Data items:

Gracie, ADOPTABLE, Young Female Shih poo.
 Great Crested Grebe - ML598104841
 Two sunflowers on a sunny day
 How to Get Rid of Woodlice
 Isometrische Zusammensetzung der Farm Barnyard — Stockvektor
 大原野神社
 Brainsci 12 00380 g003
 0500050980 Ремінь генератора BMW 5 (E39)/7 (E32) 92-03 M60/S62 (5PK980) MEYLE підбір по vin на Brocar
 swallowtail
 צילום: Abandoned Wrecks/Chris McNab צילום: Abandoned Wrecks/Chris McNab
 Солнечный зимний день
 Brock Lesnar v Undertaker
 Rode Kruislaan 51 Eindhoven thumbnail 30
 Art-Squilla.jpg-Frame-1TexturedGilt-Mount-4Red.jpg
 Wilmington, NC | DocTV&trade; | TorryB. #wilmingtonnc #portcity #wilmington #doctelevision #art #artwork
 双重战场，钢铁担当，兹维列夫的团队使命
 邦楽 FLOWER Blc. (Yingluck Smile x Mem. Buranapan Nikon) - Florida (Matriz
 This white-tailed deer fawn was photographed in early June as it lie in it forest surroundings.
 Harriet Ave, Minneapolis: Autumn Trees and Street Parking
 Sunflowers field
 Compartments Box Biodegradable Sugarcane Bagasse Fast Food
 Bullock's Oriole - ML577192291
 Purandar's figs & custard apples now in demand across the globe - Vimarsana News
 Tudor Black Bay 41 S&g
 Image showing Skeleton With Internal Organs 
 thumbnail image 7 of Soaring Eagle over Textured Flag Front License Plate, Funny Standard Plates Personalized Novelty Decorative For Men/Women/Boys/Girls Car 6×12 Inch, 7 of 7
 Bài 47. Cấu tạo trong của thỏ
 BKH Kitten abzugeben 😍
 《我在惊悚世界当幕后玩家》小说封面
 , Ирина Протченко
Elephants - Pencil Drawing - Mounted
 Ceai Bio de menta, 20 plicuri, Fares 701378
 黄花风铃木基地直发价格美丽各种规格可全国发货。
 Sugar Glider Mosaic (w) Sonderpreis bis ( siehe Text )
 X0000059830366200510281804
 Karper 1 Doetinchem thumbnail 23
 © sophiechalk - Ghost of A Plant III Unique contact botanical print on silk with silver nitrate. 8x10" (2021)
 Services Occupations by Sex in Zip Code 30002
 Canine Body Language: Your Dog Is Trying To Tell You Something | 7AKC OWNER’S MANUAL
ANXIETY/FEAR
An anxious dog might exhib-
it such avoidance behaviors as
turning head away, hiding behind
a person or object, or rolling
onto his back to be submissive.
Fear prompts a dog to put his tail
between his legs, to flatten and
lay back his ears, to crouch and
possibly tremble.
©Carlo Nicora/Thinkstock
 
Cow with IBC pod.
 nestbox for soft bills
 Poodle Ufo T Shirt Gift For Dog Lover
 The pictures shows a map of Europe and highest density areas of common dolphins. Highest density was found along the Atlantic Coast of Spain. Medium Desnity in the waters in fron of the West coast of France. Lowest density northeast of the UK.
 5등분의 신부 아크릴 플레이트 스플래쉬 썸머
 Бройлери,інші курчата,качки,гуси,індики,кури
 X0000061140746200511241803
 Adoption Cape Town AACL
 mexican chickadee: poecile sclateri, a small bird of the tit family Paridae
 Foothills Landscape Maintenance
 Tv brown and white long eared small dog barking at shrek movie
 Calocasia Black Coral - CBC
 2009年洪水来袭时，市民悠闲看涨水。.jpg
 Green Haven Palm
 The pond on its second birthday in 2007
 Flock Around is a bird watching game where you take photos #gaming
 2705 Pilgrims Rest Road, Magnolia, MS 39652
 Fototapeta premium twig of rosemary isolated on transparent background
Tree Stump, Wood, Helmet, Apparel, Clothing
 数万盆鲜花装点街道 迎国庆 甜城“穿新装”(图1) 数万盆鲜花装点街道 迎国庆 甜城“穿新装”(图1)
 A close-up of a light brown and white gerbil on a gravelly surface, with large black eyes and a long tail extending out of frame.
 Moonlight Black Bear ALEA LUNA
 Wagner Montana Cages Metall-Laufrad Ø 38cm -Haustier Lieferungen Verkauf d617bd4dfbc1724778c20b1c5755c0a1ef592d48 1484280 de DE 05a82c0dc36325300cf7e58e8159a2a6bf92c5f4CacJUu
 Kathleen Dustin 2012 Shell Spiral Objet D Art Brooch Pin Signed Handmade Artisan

▶ **Description of the task**
Quote the data above verbatim from its first line to the line that includes "Brock Lesnar v Undertaker", with both boundary lines retained.

▶ **Solution to this task**
Gracie, ADOPTABLE, Young Female Shih poo.
 Great Crested Grebe - ML598104841
 Two sunflowers on a sunny day
 How to Get Rid of Woodlice
 Isometrische Zusammensetzung der Farm Barnyard — Stockvektor
 大原野神社
 Brainsci 12 00380 g003
 0500050980 Ремінь генератора BMW 5 (E39)/7 (E32) 92-03 M60/S62 (5PK980) MEYLE підбір по vin на Brocar
 swallowtail
 צילום: Abandoned Wrecks/Chris McNab צילום: Abandoned Wrecks/Chris McNab
 Солнечный зимний день
 Brock Lesnar v Undertaker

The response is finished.